On April 14, blockchain outlet CoinDesk reported that Cantor Fitzgerald said private platforms Kalshi and Polymarket are leading the market. Among listed companies, it assessed that the two firms are already shoring up a base to benefit by integrating event-based trading into their apps.
Prediction markets are structured around buying and selling contracts linked to outcomes in the real world, such as elections, economic indicators, sports and macro events. Prices reflect probabilities as judged by participants. Cantor Fitzgerald analyst Ramzi Elassal said prediction markets have risen sharply and expected contract trading volume to sustain its recent strong growth trend.
The report highlighted business structure as the key. Robinhood and Coinbase do not take bets by standing on the opposite side of investors. They earn revenue from trading activity. That structure resembles the stock and crypto trading businesses the two companies already run at scale. Platforms generate revenue from transaction fees rather than user losses, and prices adjust in real time as new information flows in.
Robinhood was assessed as currently leading. Robinhood launched a prediction market hub after the 2024 U.S. presidential election cycle, and it became one of the fastest-growing business segments by revenue soon after launch. Since launch, users have traded billions of contracts tied to sports, politics and macro events.

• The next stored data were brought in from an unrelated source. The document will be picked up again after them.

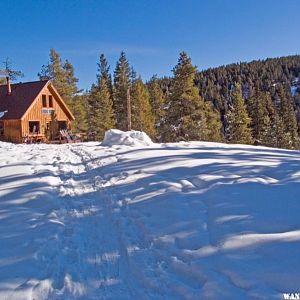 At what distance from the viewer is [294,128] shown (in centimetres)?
4478

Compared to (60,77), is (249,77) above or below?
above

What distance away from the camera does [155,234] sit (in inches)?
204

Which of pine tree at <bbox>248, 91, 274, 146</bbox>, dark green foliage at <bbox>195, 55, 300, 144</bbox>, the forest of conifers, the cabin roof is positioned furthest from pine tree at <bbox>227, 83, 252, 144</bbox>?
dark green foliage at <bbox>195, 55, 300, 144</bbox>

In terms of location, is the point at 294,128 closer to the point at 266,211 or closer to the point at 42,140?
the point at 42,140

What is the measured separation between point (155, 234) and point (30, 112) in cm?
2664

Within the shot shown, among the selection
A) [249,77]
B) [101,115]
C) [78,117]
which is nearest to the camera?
[101,115]

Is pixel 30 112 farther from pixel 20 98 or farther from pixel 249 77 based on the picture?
pixel 249 77

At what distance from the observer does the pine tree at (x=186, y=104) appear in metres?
28.8

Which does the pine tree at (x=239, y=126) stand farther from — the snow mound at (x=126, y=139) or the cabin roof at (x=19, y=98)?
the snow mound at (x=126, y=139)

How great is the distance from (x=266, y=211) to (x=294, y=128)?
43.3 m

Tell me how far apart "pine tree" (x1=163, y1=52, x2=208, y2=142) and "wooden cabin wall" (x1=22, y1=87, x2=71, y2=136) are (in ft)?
36.0

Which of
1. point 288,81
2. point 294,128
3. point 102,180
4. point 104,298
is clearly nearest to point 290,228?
point 104,298

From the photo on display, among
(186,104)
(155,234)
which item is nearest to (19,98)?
(186,104)

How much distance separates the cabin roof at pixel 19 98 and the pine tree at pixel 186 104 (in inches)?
462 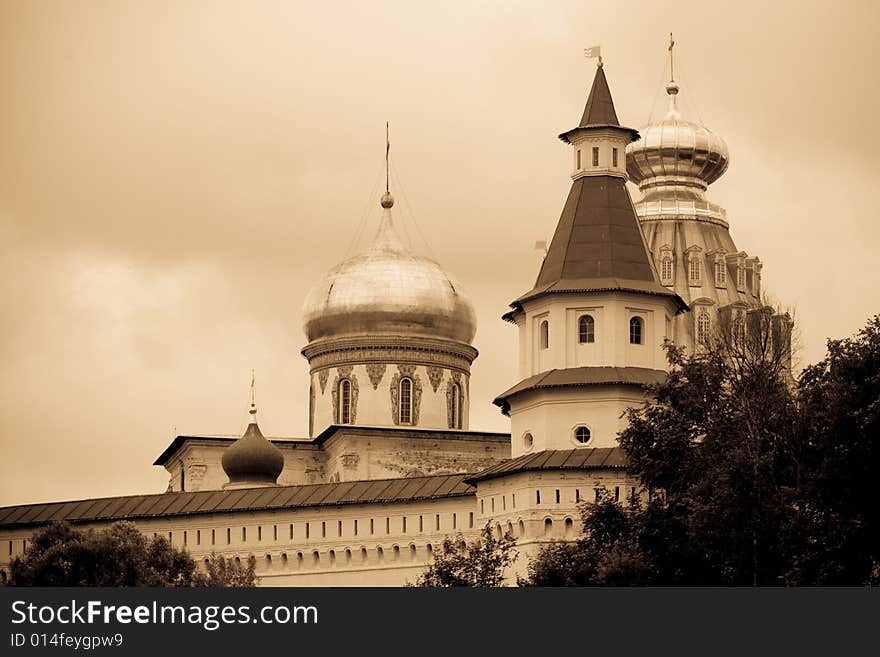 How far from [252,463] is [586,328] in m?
13.3

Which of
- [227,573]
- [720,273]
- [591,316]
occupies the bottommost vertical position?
[227,573]

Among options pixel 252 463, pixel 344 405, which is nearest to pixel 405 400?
pixel 344 405

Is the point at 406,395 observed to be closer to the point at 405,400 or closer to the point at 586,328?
the point at 405,400

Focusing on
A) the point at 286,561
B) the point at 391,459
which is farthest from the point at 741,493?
the point at 391,459

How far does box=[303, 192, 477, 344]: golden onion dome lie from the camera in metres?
79.0

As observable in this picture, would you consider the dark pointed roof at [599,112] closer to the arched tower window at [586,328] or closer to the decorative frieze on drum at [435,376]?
the arched tower window at [586,328]

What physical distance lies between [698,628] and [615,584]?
13049mm

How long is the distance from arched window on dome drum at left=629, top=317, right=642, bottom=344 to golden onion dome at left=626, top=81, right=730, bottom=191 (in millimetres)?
27234

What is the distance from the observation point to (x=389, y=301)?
3113 inches

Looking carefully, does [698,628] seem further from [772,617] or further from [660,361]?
[660,361]

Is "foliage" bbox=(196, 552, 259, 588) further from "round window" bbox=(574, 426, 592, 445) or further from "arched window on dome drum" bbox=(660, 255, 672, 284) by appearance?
"arched window on dome drum" bbox=(660, 255, 672, 284)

Coinbase is also moving in a similar direction. Coinbase's prediction market service is offered to its overall user base based on Kalshi infrastructure, and covers multiple categories including crypto, the economy and global events. Its rollout is at an earlier stage than Robinhood's.
Cantor Fitzgerald said scale is central to prediction market competitiveness. Platforms with a large retail investor base and existing trading infrastructure have a first-mover effect that can quickly lift liquidity and participation. It judged that growth can be much faster when an operator that already has user touchpoints and distribution adds a new market.

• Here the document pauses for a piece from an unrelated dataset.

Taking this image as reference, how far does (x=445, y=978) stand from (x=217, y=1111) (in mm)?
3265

It also drew a line against views that see prediction markets only as a variant of gambling. Cantor Fitzgerald noted that the misconception that prediction markets are gambling platforms in disguise is common, but explained that users buy contracts they see as undervalued and sell contracts they see as overvalued. It argued they are closer to trading markets where price discovery occurs among participants, like stock markets.
It also raised the possibility that, over the long term, prediction markets may not remain limited to services for retail investors. Cantor Fitzgerald said prediction markets will emerge as a multipurpose tool for institutional investors, and it saw room for use in risk management and macro hedging. It said they could be used as a market outlook and risk management tool beyond simple event trading.

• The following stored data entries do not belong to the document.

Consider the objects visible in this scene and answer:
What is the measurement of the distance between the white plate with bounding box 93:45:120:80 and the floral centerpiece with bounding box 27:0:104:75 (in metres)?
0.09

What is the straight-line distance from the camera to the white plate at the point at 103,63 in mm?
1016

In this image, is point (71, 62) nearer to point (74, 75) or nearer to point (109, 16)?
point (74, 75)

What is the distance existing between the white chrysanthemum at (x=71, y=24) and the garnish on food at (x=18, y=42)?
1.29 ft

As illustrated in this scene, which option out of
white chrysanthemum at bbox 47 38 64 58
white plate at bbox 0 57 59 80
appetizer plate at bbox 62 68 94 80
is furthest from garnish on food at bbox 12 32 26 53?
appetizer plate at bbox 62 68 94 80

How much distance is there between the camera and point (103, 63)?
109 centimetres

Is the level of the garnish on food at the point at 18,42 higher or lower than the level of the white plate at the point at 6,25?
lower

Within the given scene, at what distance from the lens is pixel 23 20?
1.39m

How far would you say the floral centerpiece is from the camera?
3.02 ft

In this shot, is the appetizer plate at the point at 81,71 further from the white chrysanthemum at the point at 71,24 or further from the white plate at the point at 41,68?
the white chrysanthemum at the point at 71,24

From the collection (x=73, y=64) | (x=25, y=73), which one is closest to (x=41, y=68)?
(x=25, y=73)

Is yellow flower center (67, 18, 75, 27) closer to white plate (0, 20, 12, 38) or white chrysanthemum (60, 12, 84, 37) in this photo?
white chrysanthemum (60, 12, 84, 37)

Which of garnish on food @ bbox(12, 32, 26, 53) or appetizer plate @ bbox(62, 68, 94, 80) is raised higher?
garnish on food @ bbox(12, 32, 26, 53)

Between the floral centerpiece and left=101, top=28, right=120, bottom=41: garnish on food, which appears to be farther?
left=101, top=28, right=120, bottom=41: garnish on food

Regulation remains the biggest variable. U.S. federal and state authorities are currently split over whether to view prediction markets under derivatives regulation or treat them under gambling rules. Cantor Fitzgerald described the current regulatory environment as "confusing."
As a result, even if prediction markets keep growing, the actual scale of benefits is likely to depend on the pace of regulatory clarification. It said it is clear that platforms with large user bases and strong distribution capabilities have an advantage. That is why Robinhood and Coinbase are cited as candidates to absorb the fastest market expansion effect after regulatory uncertainty is resolved.